Show that $S^1$ is not homeomorphic to $[0,1)$ I want to show that $S^1$ is not homeomorphic to $[0,1)$.
When $X$ is homeomorphic to $Y$ then $X-\{a\}$, where $a \in X$ is homeomorphic to $Y-\{f(a)\}$. Assuming $S^1$ and $[0,1)$ are homeomorphic, I remove a point $a$ other than $0$. We see that $[0,1)-\{a\}$ is homeomorphic to $S^1-\{f(a)\}$. But  $S^1-\{f(a)\}$ is connected while $[0,1)-\{a\}$ is not. This is a contradiction which proves the claim.
However when I remove $0$, We see that  $ [0,1)-\{0\}$ is homeomorphic to $S^1-\{f(0)\}$ which is in fact true. This shows $S^1$ is indeed homeomorphic to $[0,1)$ opposite of what I am trying to show. So I am not sure what has gone wrong in these reasonings.
 A: $S^1$ is not homeomorphic to $[0,1)$. Indeed, if you remove any point from $S^1$, you get a connected space while if you remove any point that is not equal to $0$ from $[0,1)$, you get a disconnected space. Thus, $S^1$ and $[0,1)$ cannot be homeomorphic.
In details, assume that there exists a homeomorphism $f \colon S^1 \rightarrow [0,1)$, show that $f|_{S^1 \setminus \{ f^{-1}(1/2) \}}$ must be a homeomorphism between ${S^1 \setminus \{ f^{-1}(1/2)}\}$ and $[0,1/2) \cup (1/2,1)$ and show that this is not possible.
Your mistake is that if they are homeomorphic, then connectedness should be preserved regardless the point you remove, which must be arbitrary.

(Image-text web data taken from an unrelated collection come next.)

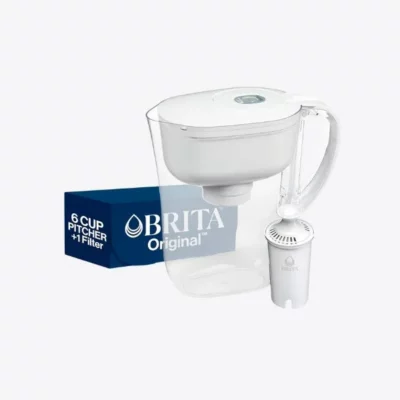 喝得更健康！Brita 最佳濾水設備推薦與選購重點 3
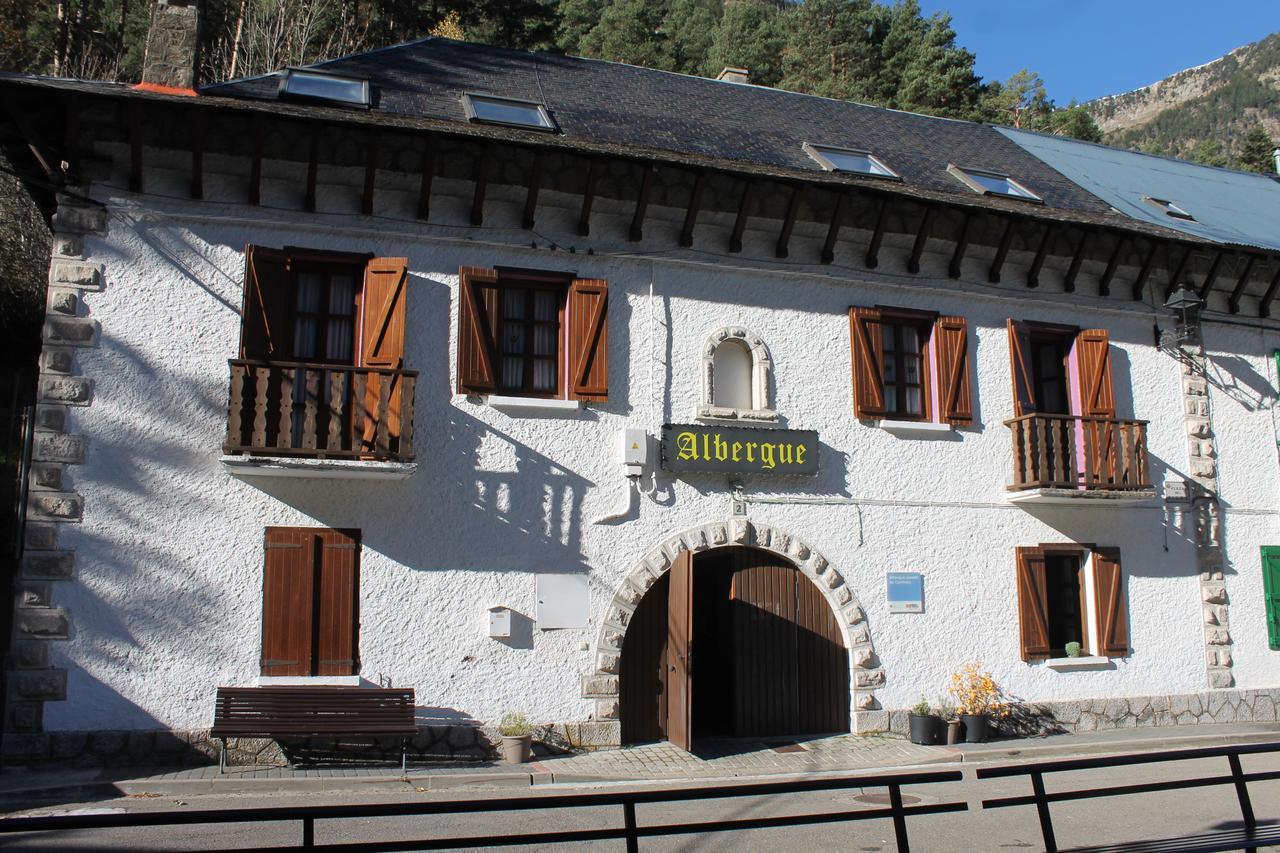 Albergue De Canfranc Estacion エクステリア 写真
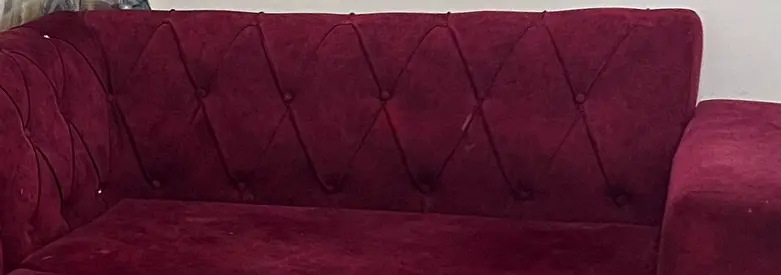 2 Seater small sofa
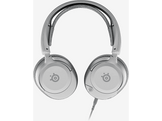 STEELSERIES Casque gamer Arctis Nova 1P Blanc (61612)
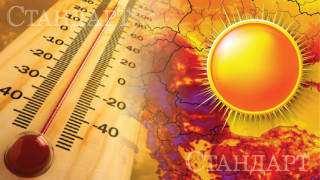 Кошмарната жега се връща. Живакът чупи термометъра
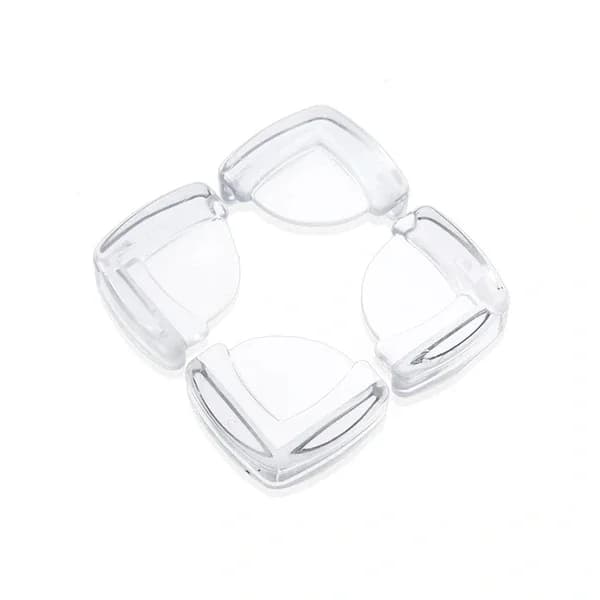 Babyjem Corner Protector - Child Safety, PVC Adhesive, Easy Apply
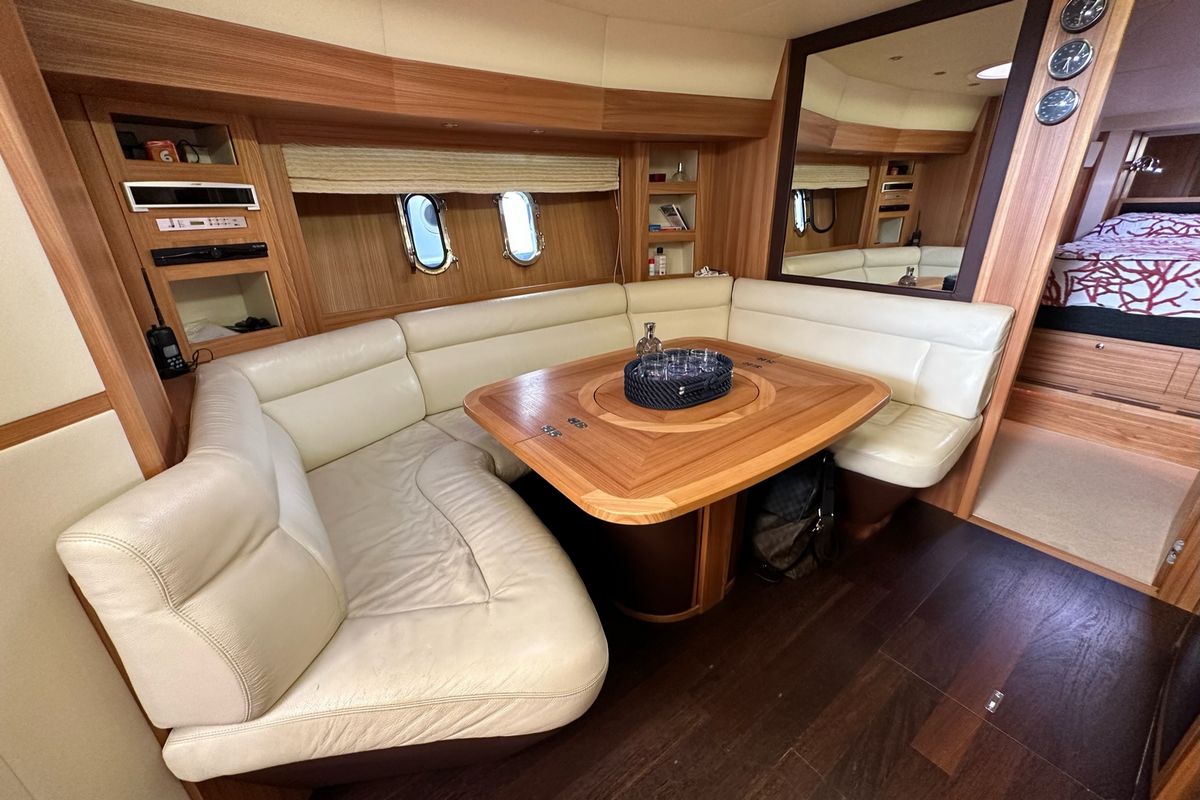 DALLA PIETA 58 HT yacht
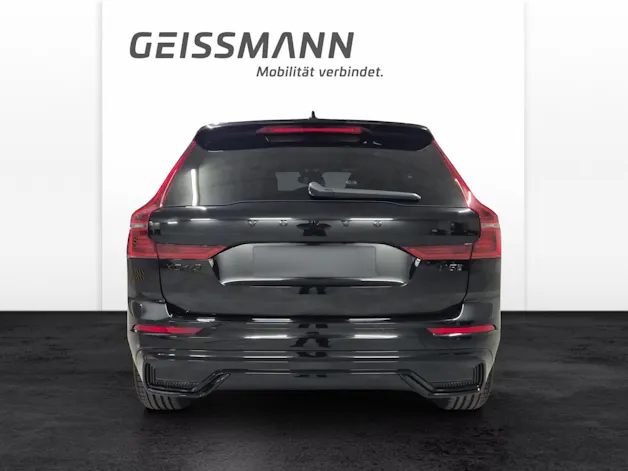 VOLVO XC60 2.0 B5 MH Black Edition AWD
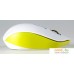 Мышь SmartBuy 309AG White/Lemon (SBM-309AG-WL). Фото №5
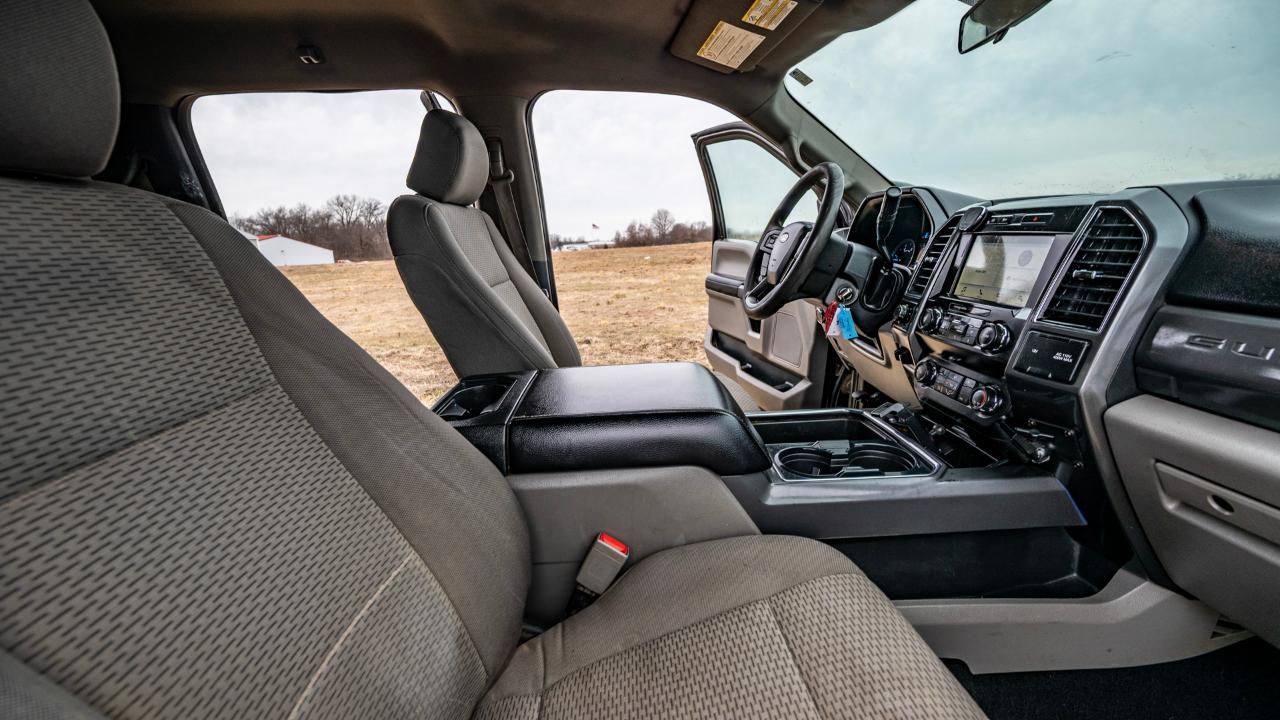 Ford F-550 Crew Cab DRW 4WD 2019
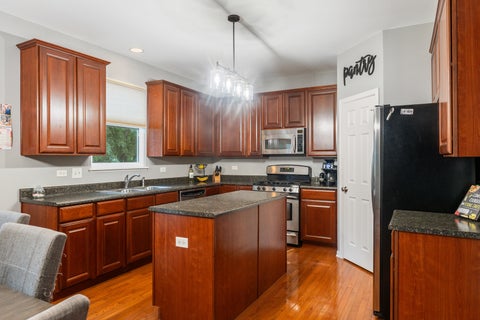Tiny photo for 2425 Sir Barton Lane, Montgomery, IL 60538 (MLS # 12768463)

A: Now I understand your confusion, actually it is more like a matter of logic:
You were assuming the statement $P$ (that they are homeomorphic) at the very beginning, your aim is to deduce that $\neg P$ (that they are not homeomorphic) but you obtain by another way that the  second argument that they are homeomorphic (that $[0,1)\setminus\{0\}$...), this does NOT show that it is in fact $P$ because you have had assumed at the beginning, this is not a way of showing a statement by assuming at the very beginning.